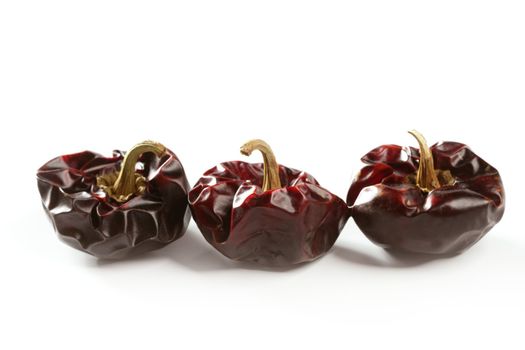 Three round Mediterranean dried dark red peppers over white at studio, isolated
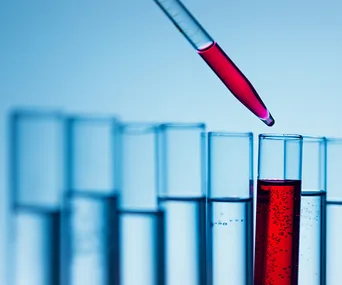 Pipette drips red liquid into a test tube among several others in a lab setting, against a blue gradient background.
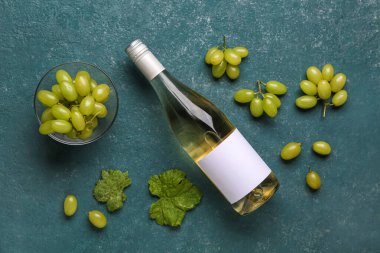 Arka planda üzümlü bir şişe beyaz şarap.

::::

**WORK REQUEST**
None of the pictures belong in the copy; transcribe the rest of the data exactly.

**EXERCISE RESULT**
 Three round Mediterranean dried dark red peppers over white at studio, isolated
 Pipette drips red liquid into a test tube among several others in a lab setting, against a blue gradient background.
 Arka planda üzümlü bir şişe beyaz şarap.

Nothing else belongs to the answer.